In the first season of thirtysomething, Michael and Elliot, who run a small ad agency, have to come up with a campaign for the local arts center, which is trying to broaden its base. They struggle, they founder, they fail. The best they can do is a poster with a photo of a hard hat guy and the caption, “Yo, it’s my arts center.” The city, sensibly, rejects their proposal.

But how can a museum reach people other than those they usually reach? Among current museum-goers, according to a survey of 40,000 households,
  • 92% are white
  • 70% are over the age of 30
  • 81% have college degrees
  • 82% have incomes above the national median
  • For history museums, age was even more skewed – only about a third were under 50.
Enter Jenny Burrows and Matt Kappler and their “Historically Hardcore” Smithsonian campaign.

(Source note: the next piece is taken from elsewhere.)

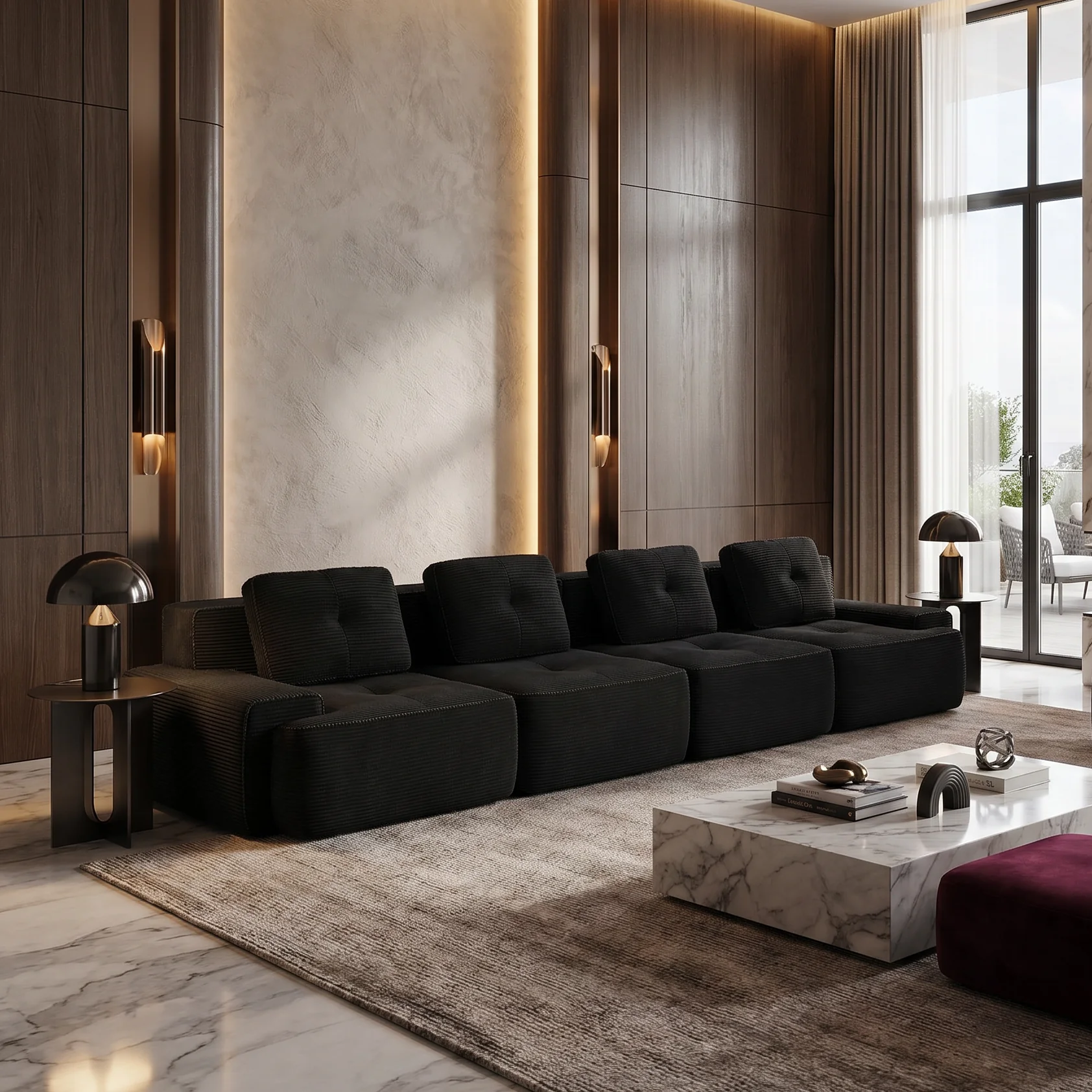 Djurgården 4 Seater Modular Corduroy Sofa - Imagen 10
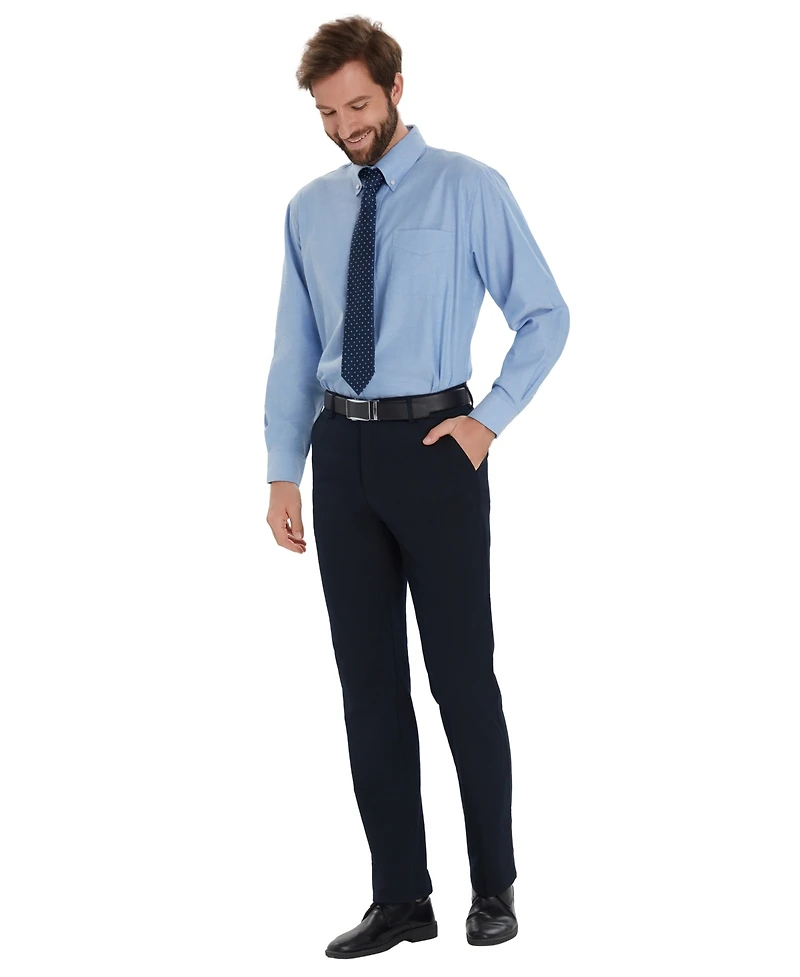 Club Room Men's Oxford Solid Dress Shirt, Macy's Exclusive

(Click on the image for a larger view.)

I wish I could report on the success of this campaign in bringing a younger and more diverse audience to the museum. But unfortunately, this campaign, like the one in thirtysomething, was fictional. They did it as an exercise, and the posters lived only in cyberspace, where they flourished briefly. Reddit put them on their front page. Burrows was thrilled at first, then cautious. As she writes on her blog,
I decided it was probably time to get in touch with someone from Smithsonian, just to cover my ass. Well, they were less than pleased about the attention the posters were getting and requested that I take them down immediately.
She scrubbed the posters of any Smithsonian traces. You will never see them on the sides of buses or the walls of the Metro. The Smithsonian, apparently, has no desire to appeal to a hardcore constituency. Our great national institution will continue to round up the usual subjects.*

HT: Total Drek

*thirtysomething was great TV, but it played to the same demographic as museums, though perhaps a bit younger. The show often seemed to be written about, by, and for English majors from elite universities. Here’s a bit of script I found. Gary and Susannah, new parents, are talking with two couples whose children are slightly older – Michael and Hope, and Elliot and Nancy.

GARY
Why would I make something like that up?
Seriously. I swear. I put them both in
front of her, right? Runaway Bunny and Ulysses.

MICHAEL
And let me guess: she went right to Ulysses?

GARY
Right.

SUSANNAH
And put it in her mouth. You
forgot to mention that, right?

MICHAEL
So big deal. Listen. Janey, by the
time she was five months old had
eaten most of the major early work
of Saul Bellow,up to and including
Henderson the Rain King, but hey,
I don't like to brag.

HOPE
Oh, I'm sure Emma's as bright as a button, Gary.

NANCY
Hey, hey, what was that woman on the Lucy Show
that was always bragging about her kids?

SUSANNAH [definitively]
Caroline Appleby. The kid's name was 'Stevie.'

GARY [turning to her, clearly surprised]
I... I thought you hated pop culture?

SUSANNAH
Lucy isn't pop culture. Lucy is God

4 comments:

Anonymous said...

your link needs a trailing 'l' to work:
http://jennyleighbee.blogspot.com/2011/03/historically-hardcore-amazingly-awesome.html

brandsinger said...

TR was not shot "mid-speech."

Jay Livingston said...

Thanks for the corrections. The missing "l" (I need to work on my copy-and-paste skills) is important, as it prevents the link from working. I've fixed it, and it should work now.

Anonymous said...

>TR was not shot "mid-speech."

as long as we're splitting hairs, there's also the thing that "got with so many chicks" could be more accurately described as "raped half of Asia."